Un monde totalement différent de celui des base de données relationnelles mais pour répondre à des problématiques différentes.

Attaquez le Mahout de face

Par Sidi Mohammed Ramdani

RLR : L’orateur présente un outil de calcul de recommandations. Cet outil permet en 10 lignes de code de faire abstraction de tous les calculs mathématiques qui se cachent derrière ce système qui permet de booster les ventes de son site e-commerce ou de faire se retrouver sur votre réseau social des amis perdus de vue depuis 10 ans. Cependant il ne faut pas oublier qu’utiliser un outil n’empêche pas d’être intelligent, Mahout propose différents algorithmes et il est vivement recommander de valider l’utilisation de l’un ou de l’autre, voire de réaliser un panachage de plusieurs algorithmes en lui demandant de tourner sur 90% de son échantillon avant de le confronter au 10% restant.
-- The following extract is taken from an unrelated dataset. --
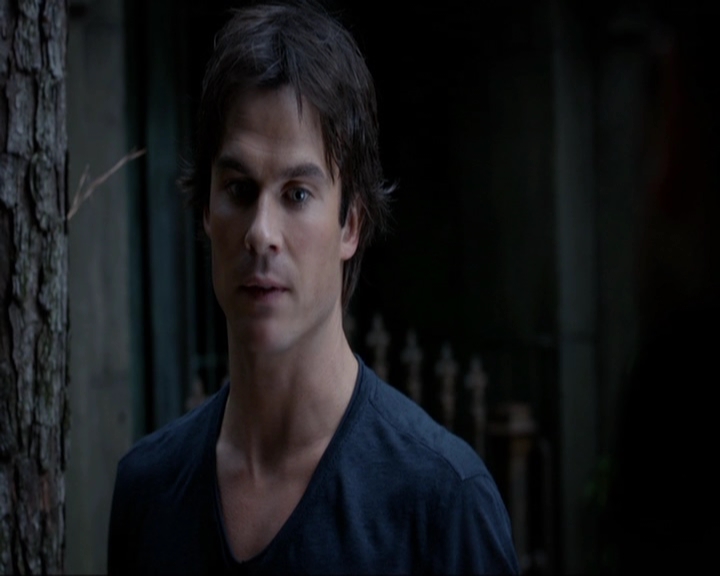 VampireDiariesWorld-dot-nl_7x07MommieDearest1591.jpg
Bitcoin et monnaies cryptographiques

Par Paul Greg

RLR : J’ai enfin pu comprendre comment marchaient les bitcoins grâce à cette présentation. Si je résume, il s’agit d’une monnaie pour laquelle la validation des transactions, au lieu d’être centralisée (par les banques) peut être validée par n’importe qui à partir de calculs cryptographiques.

Quand je me connecte au réseau, je récupère le montant de mon compte en fonction d’un dernier « bloc » validé.
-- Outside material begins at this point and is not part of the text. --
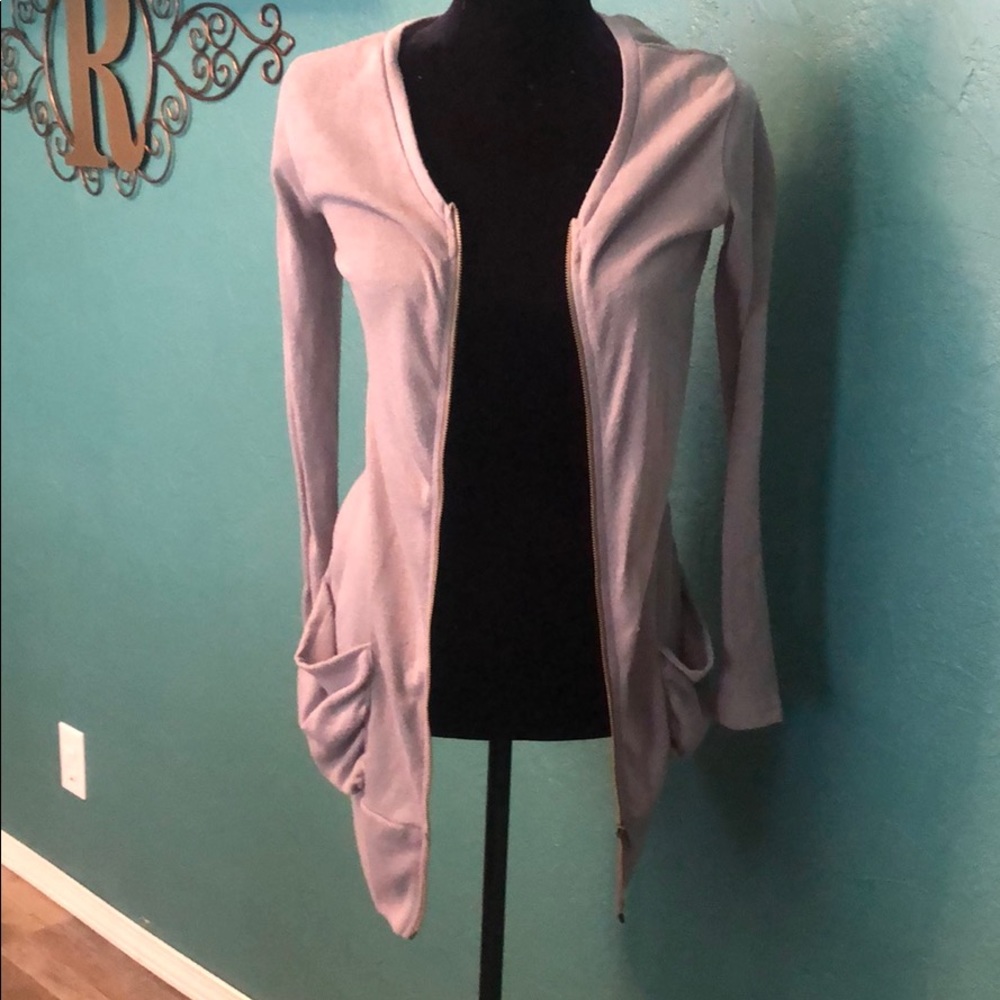 Gray zipper pocket in cardigan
Quand je veux réaliser une transaction, je demande au réseau de la rajouter au prochain bloc à valider.

C’est dans la validation du bloc que les « mineurs » interviennent. Ceux-ci, forts de la connaissance intégrale de l’historique des transaction (20Go actuellement) sont en concurrence pour valider un bloc qui comprendra les transactions en attente de validation, la signature du mineur ainsi qu’un nombre qui permettra au bloc d’avoir certaines propriétés (une valeur de « hash » commençant par un certain nombres de 0). Une fois cette valeur trouvée, elle sera soumise au réseau et le mineur sera récompensée de quelques bitcoins, et les mineurs commenceront à travailler sur le bloc suivant.
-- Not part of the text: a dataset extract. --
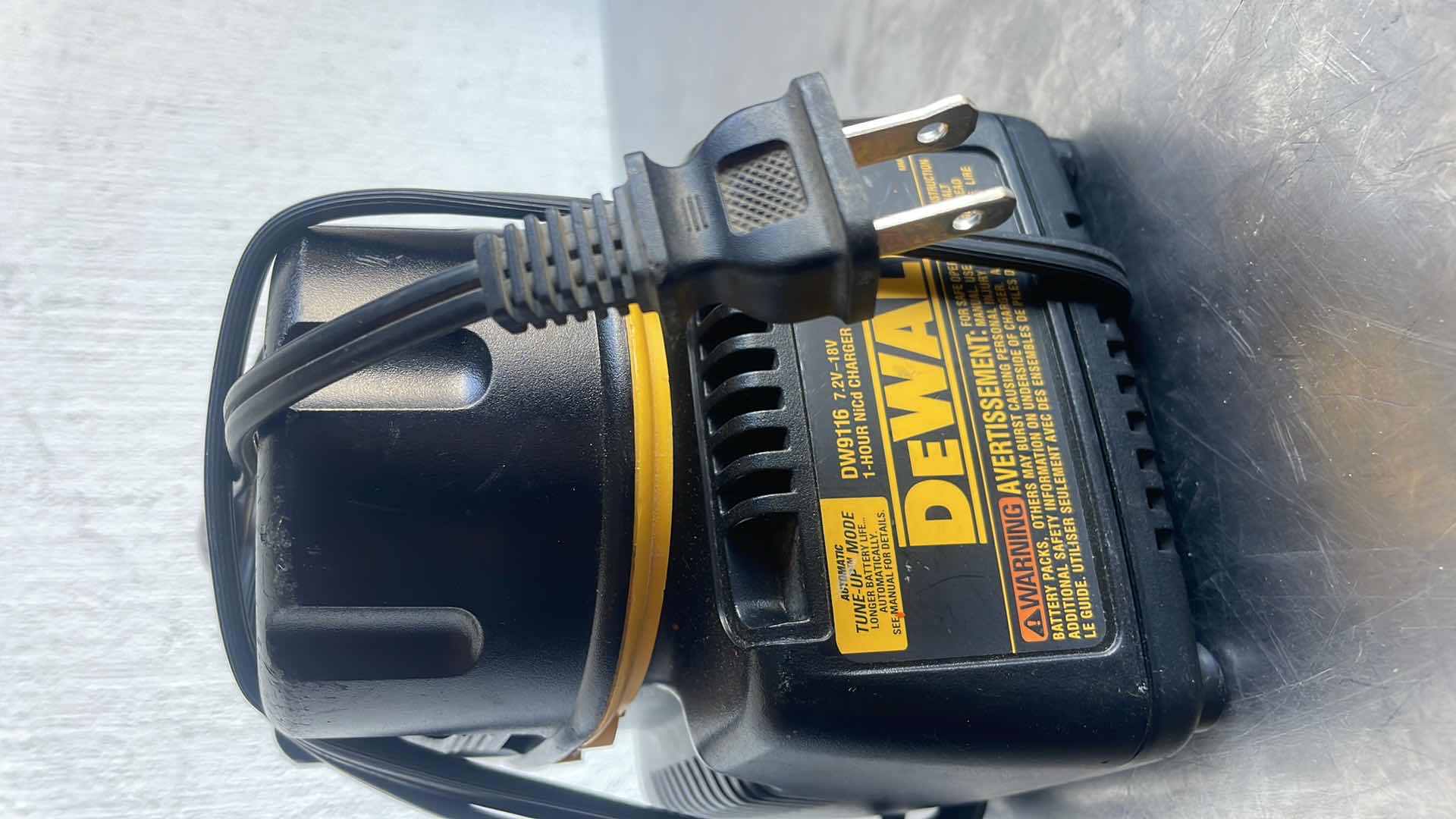 Photo 1 of DEWALT 1 HOUR CHARGER DW9116 WITH DC9096 18v BATTERY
Plusieurs mineurs pouvant trouver une validation en même temps, on pourra se retrouver temporairement avec un arbre plutôt qu’une chaîne de blocs. Les mineurs devront éliminer les branches les plus courtes. Le souci est que, du coup, si une « ferme de minage » dispose de plus de la moitié de la puissance de calcul, elle pourra faire croître des branches originalement plus courte pour dépasser la branche principale, invalidant ainsi beaucoup de transactions et brisant la confiance dans le bitcoin : cela ne doit pas arriver.

Le calcul de hash pour le bitcoin demande beaucoup de CPU, il n’est pas rentable de miner avec son propre PC, mais il est possible de faire partie d’une ferme de minage qui partage les gains à la validation d’un bloc. La difficulté du calcul est mis à jour régulièrement afin de garder un rythme de validation de blocs de 1 toutes les 10 minutes.

Le bitcoin est donc adapté pour le e-commerce ou la validation d’une commande peut attendre un peu et la mise en place d’un service de CB demande à passer par une banque qui prendra sa commission au passage. Il est par contre moins approprié pour acheter sa baguette de pain.

A noter aussi qu’il existe d’autre monnaies cryptographiques basées sur d’autres algorithmes (le Litecoin demande de la mémoire et non du CPU).